* _YOUR ASSIGNMENT_:
Reproduce exactly only the lines from the line that holds "Sala de estar en el lobby" to the line that holds "215 Greenview Avenue photo 13", inclusive, in the listing below, and please leave out every picture.

* _INFORMATION GIVEN_:

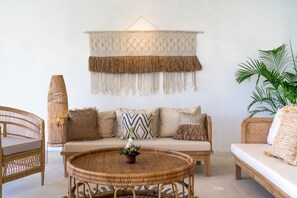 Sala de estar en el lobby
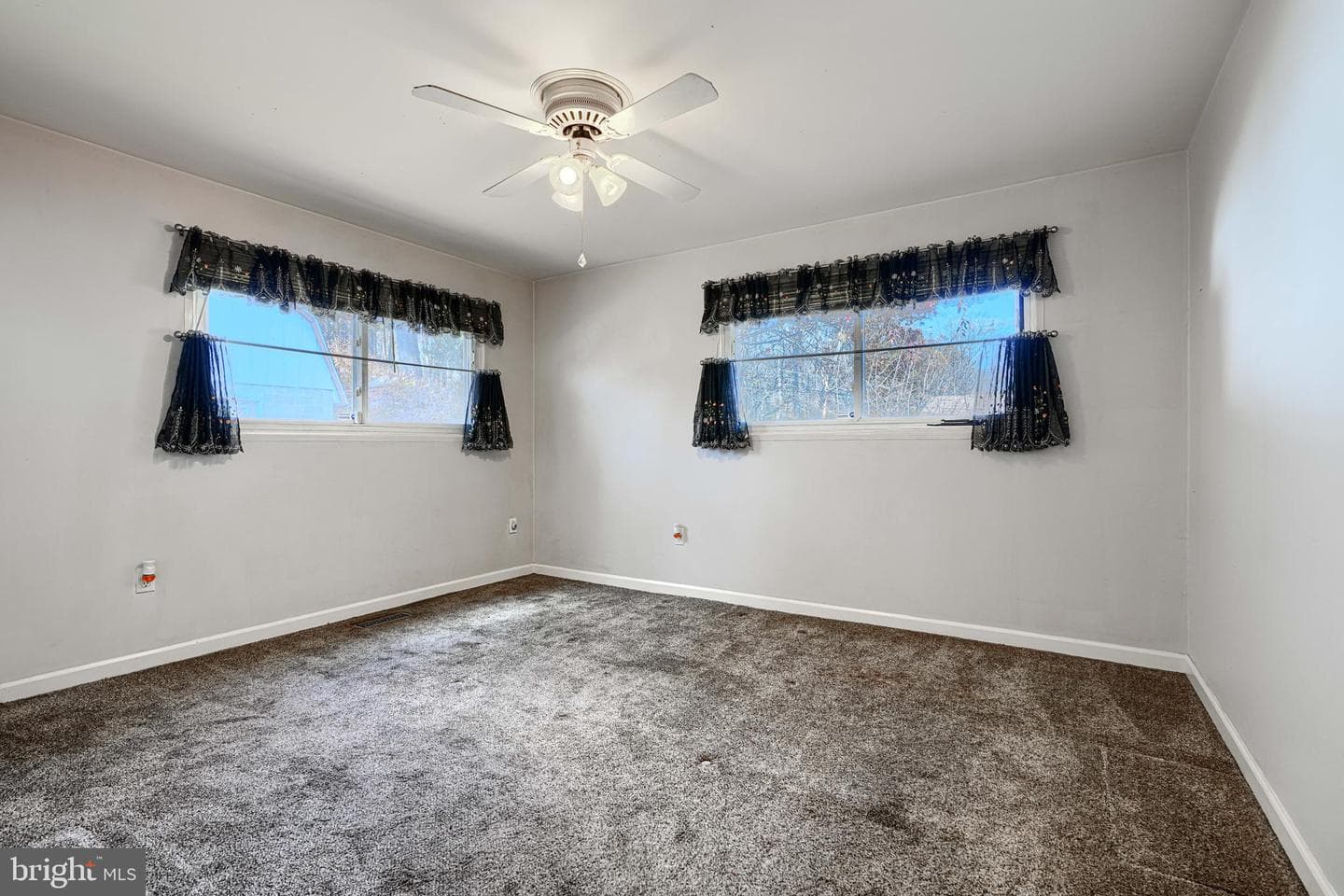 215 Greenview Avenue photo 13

---

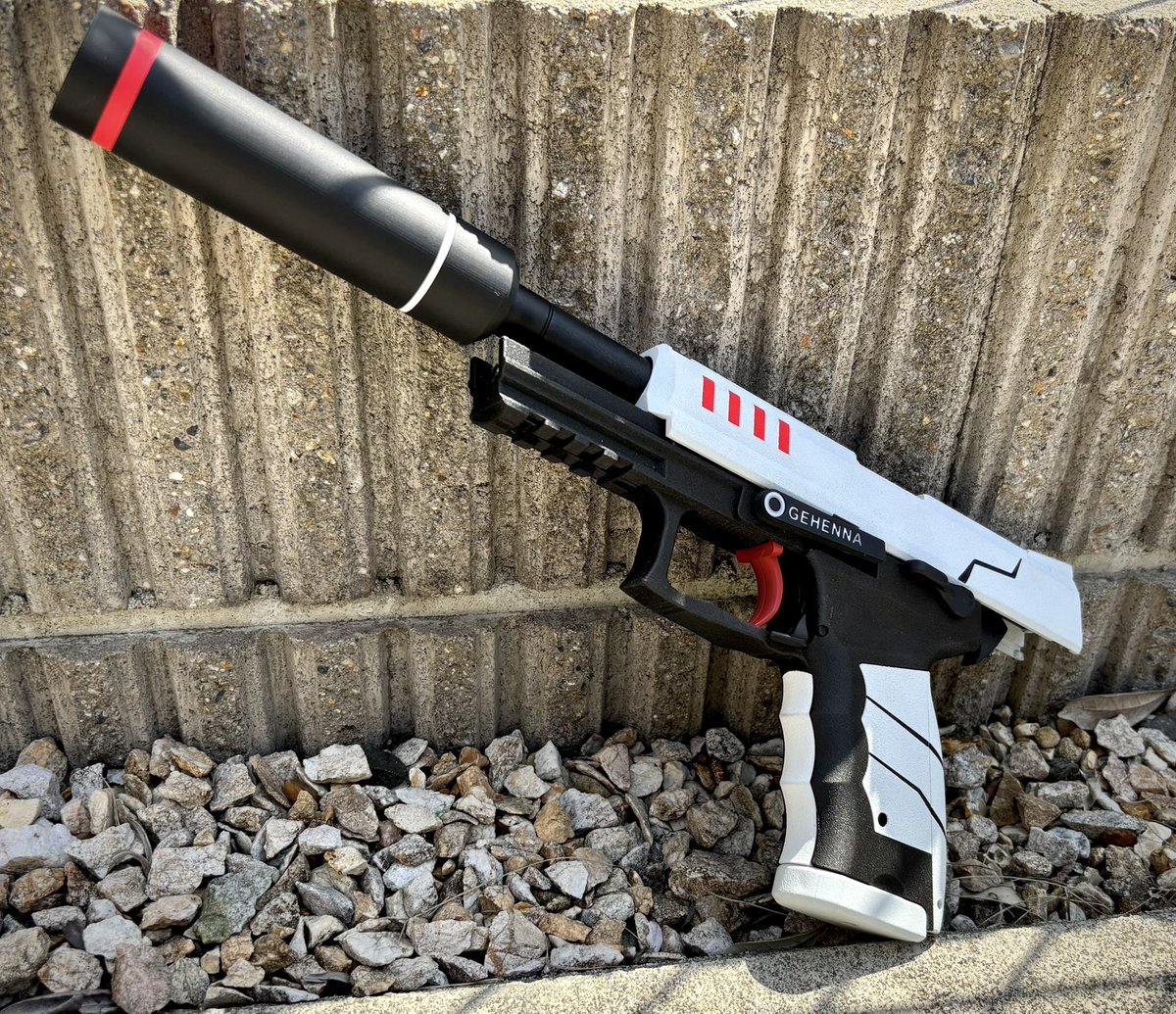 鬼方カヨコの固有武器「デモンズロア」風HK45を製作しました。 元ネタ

* _ANSWER BOX_:
 Sala de estar en el lobby
 215 Greenview Avenue photo 13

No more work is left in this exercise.